# Source data:
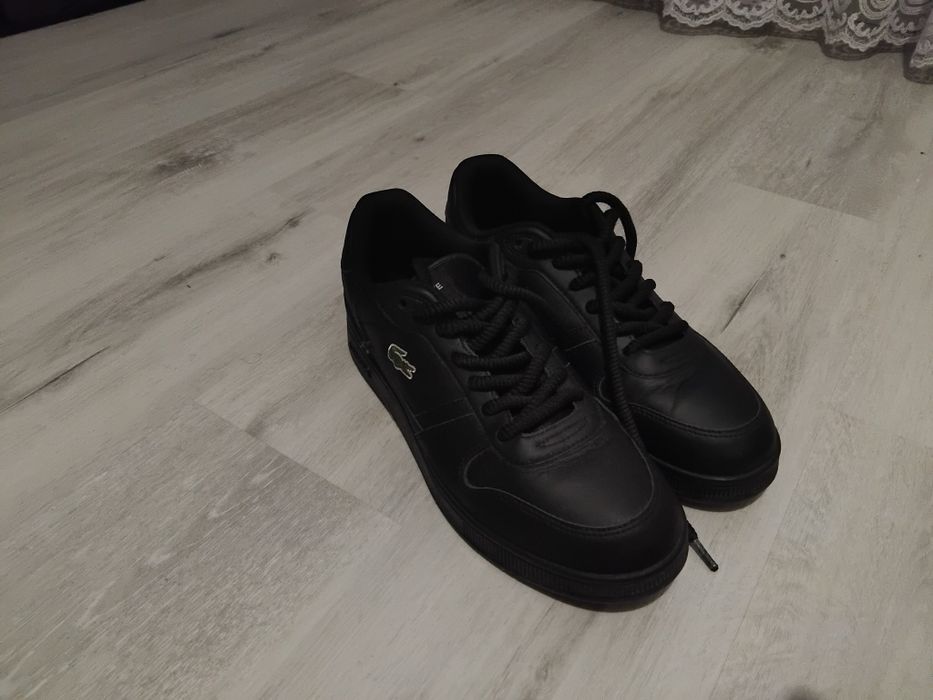 Кросівки Lacoste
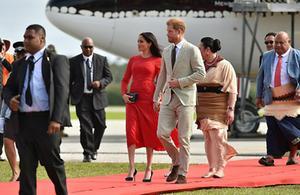 Harry en Meghan werden op de luchthaven van Tonga opgewacht door prinses Latufuipeka Angelika Tuku’aho. Zij begeleidde de hertog en hertogin naar haar ouders, koning Tupou VI en koningin Nanasipau'u voor een privé-audiëntie. beeld AFP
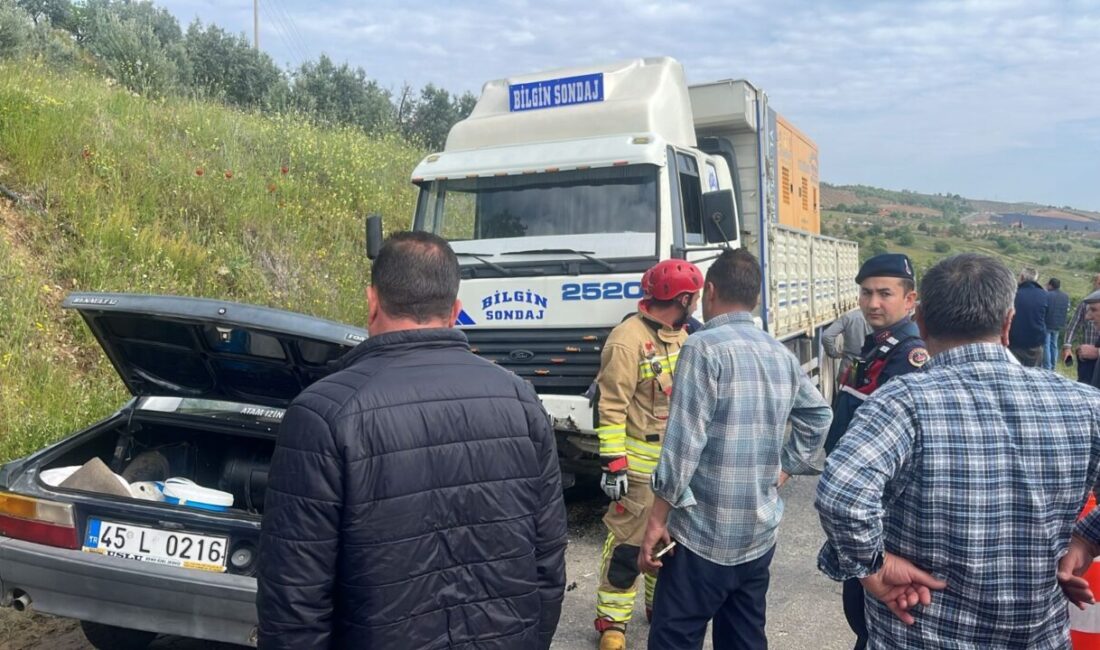 MANİSA (AA) – Manisa'nın Salihli ilçesinde kamyon ile otomobilin çarpışması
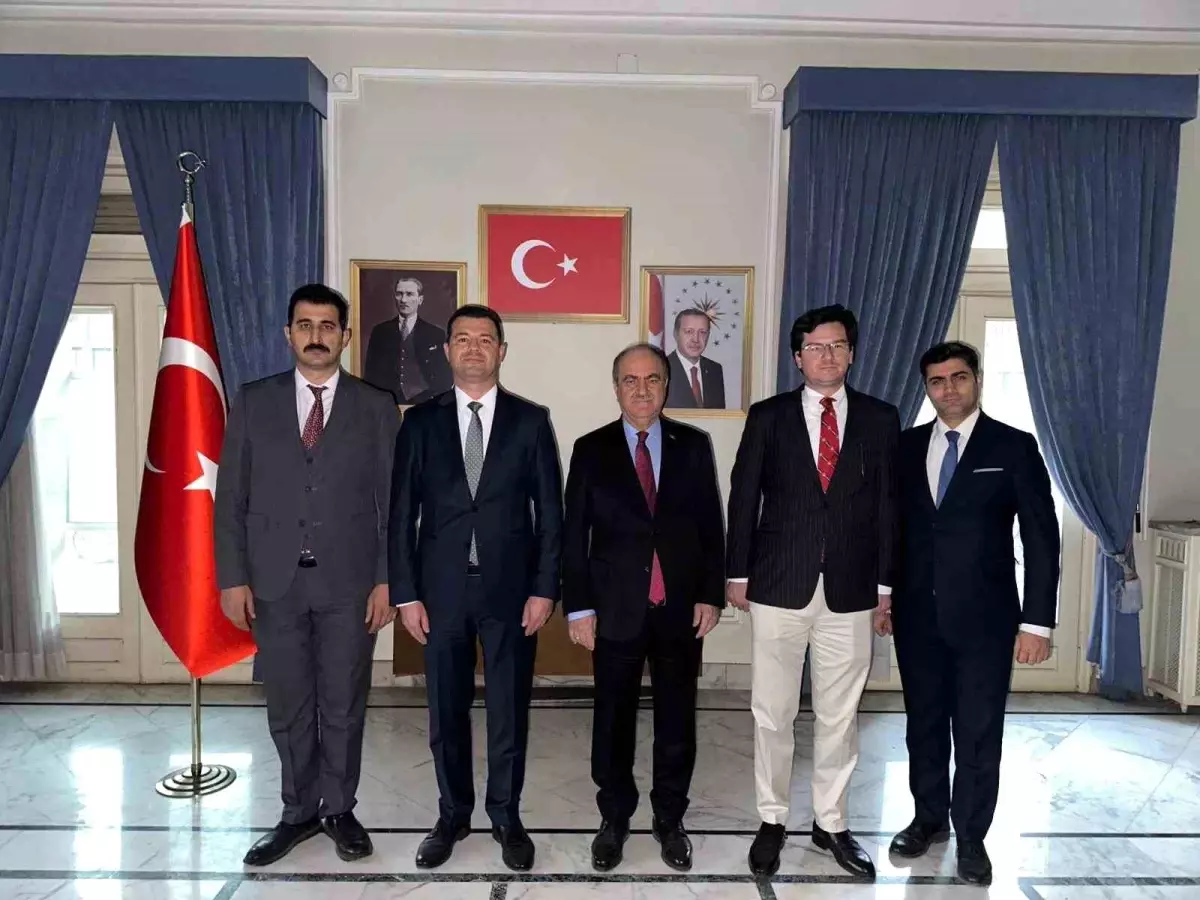 Şam Büyükelçiliği Geçici Maslahatgüzarı Büyükelçi Burhan Köroğlu ve Büyükelçilik çalışanları.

# What you have to do:
Write every line above again exactly, but leave the pictures out.

# Task result:
 Кросівки Lacoste
 Harry en Meghan werden op de luchthaven van Tonga opgewacht door prinses Latufuipeka Angelika Tuku’aho. Zij begeleidde de hertog en hertogin naar haar ouders, koning Tupou VI en koningin Nanasipau'u voor een privé-audiëntie. beeld AFP
 MANİSA (AA) – Manisa'nın Salihli ilçesinde kamyon ile otomobilin çarpışması
 Şam Büyükelçiliği Geçici Maslahatgüzarı Büyükelçi Burhan Köroğlu ve Büyükelçilik çalışanları.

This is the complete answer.